• **WORK ITEM**: Once you find the line with "Luciele Di Camargo e Denílson em festa", transcribe it and all the lines that follow to the end of the data, exactly as written; skip any pictures.
**********
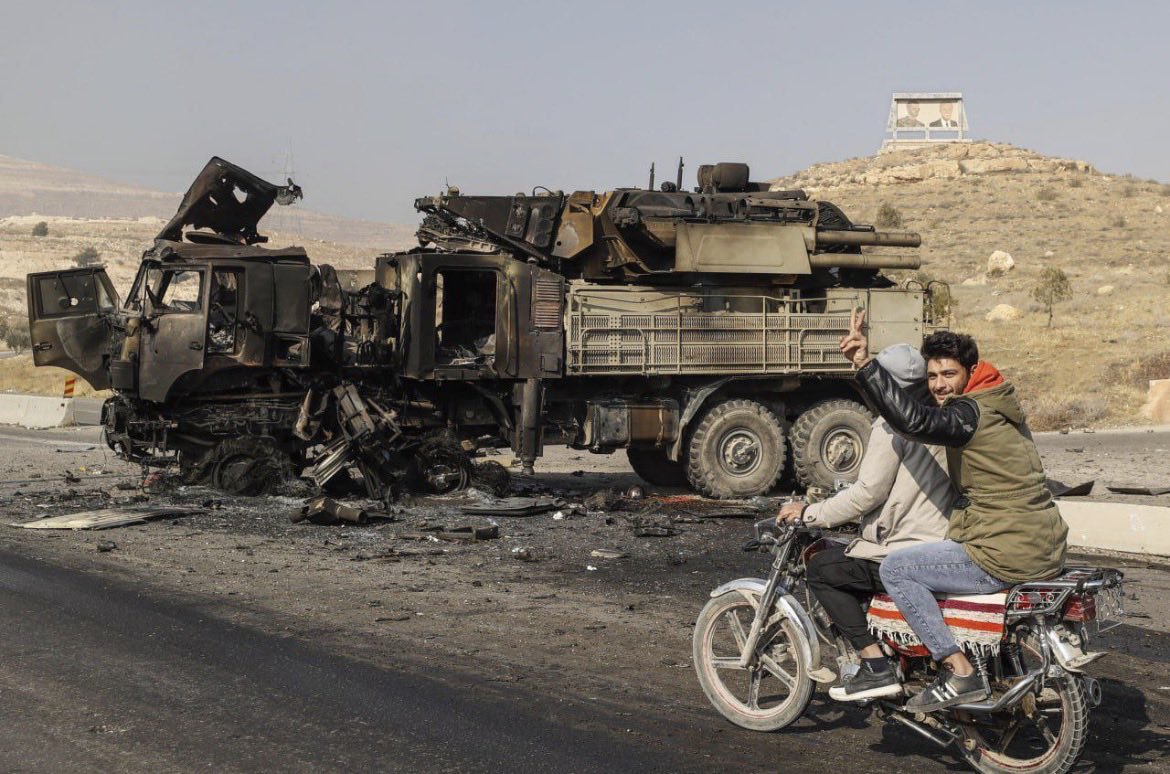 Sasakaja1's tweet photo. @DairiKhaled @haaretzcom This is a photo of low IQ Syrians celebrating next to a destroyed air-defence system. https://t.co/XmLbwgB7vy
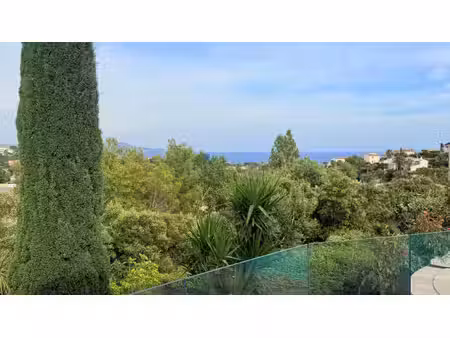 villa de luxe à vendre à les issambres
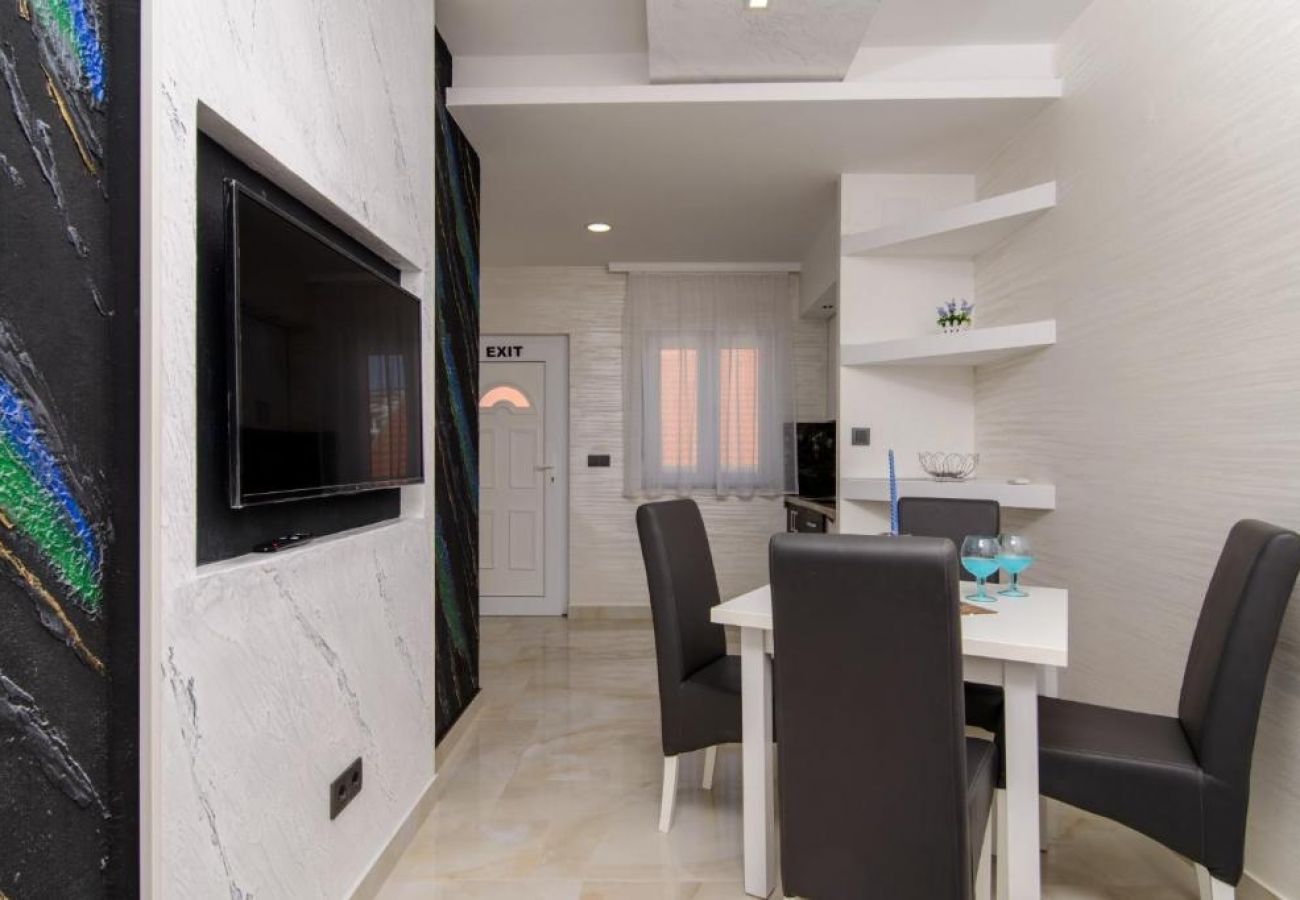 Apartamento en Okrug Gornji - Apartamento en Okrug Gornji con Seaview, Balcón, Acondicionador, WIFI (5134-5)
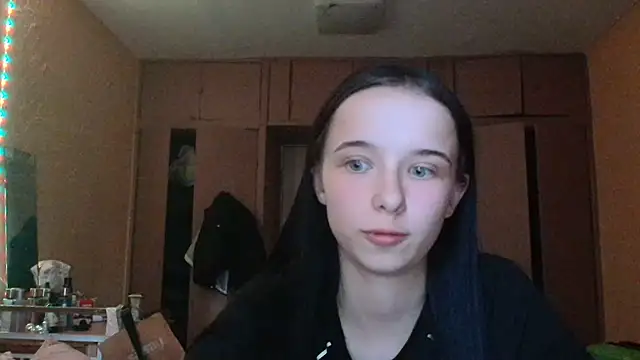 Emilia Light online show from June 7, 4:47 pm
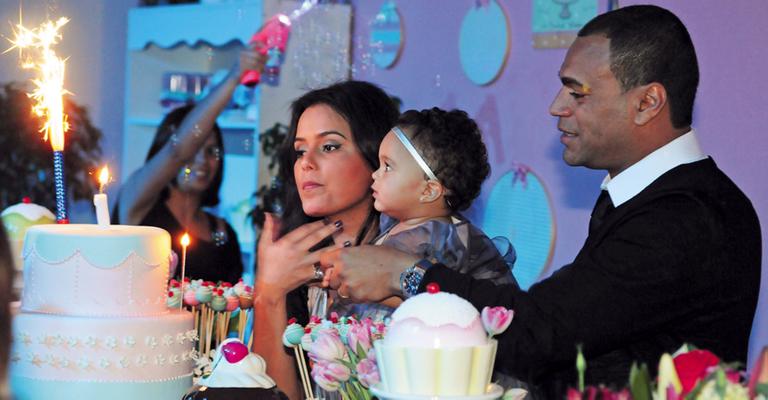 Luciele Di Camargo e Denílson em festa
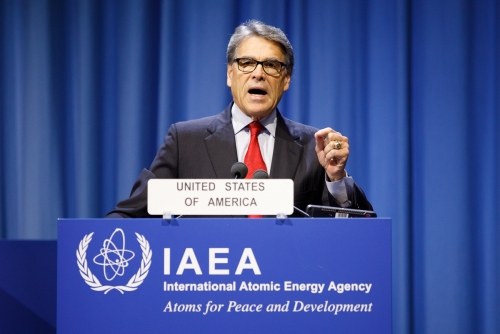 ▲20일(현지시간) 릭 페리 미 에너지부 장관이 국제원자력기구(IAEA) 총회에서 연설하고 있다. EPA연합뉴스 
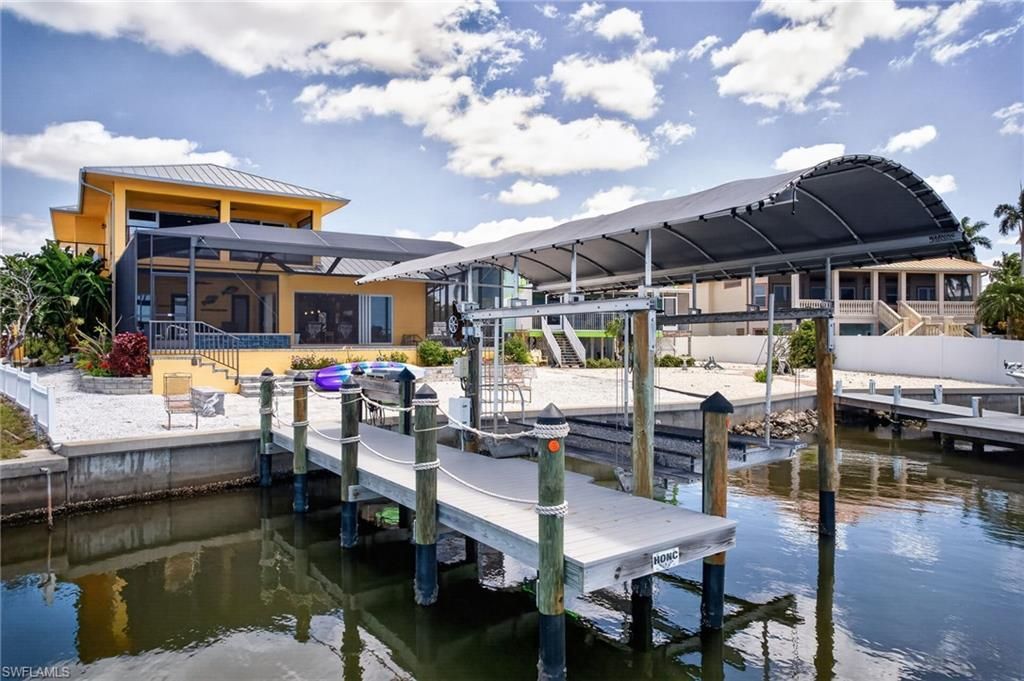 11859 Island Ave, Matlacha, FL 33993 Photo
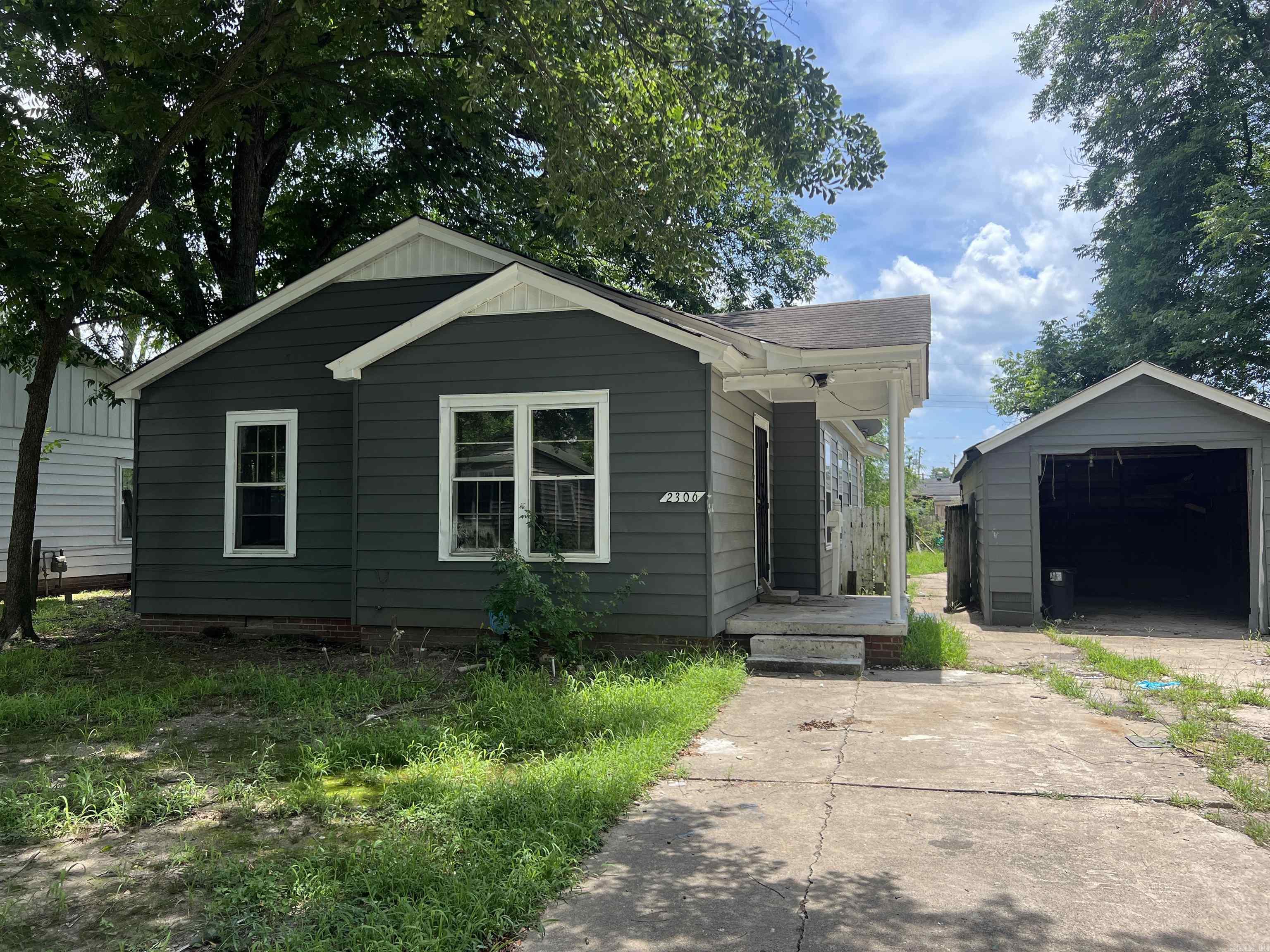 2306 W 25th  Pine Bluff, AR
**********
• **OUTPUT OF THE TASK**:
 Luciele Di Camargo e Denílson em festa
 ▲20일(현지시간) 릭 페리 미 에너지부 장관이 국제원자력기구(IAEA) 총회에서 연설하고 있다. EPA연합뉴스 
 11859 Island Ave, Matlacha, FL 33993 Photo
 2306 W 25th  Pine Bluff, AR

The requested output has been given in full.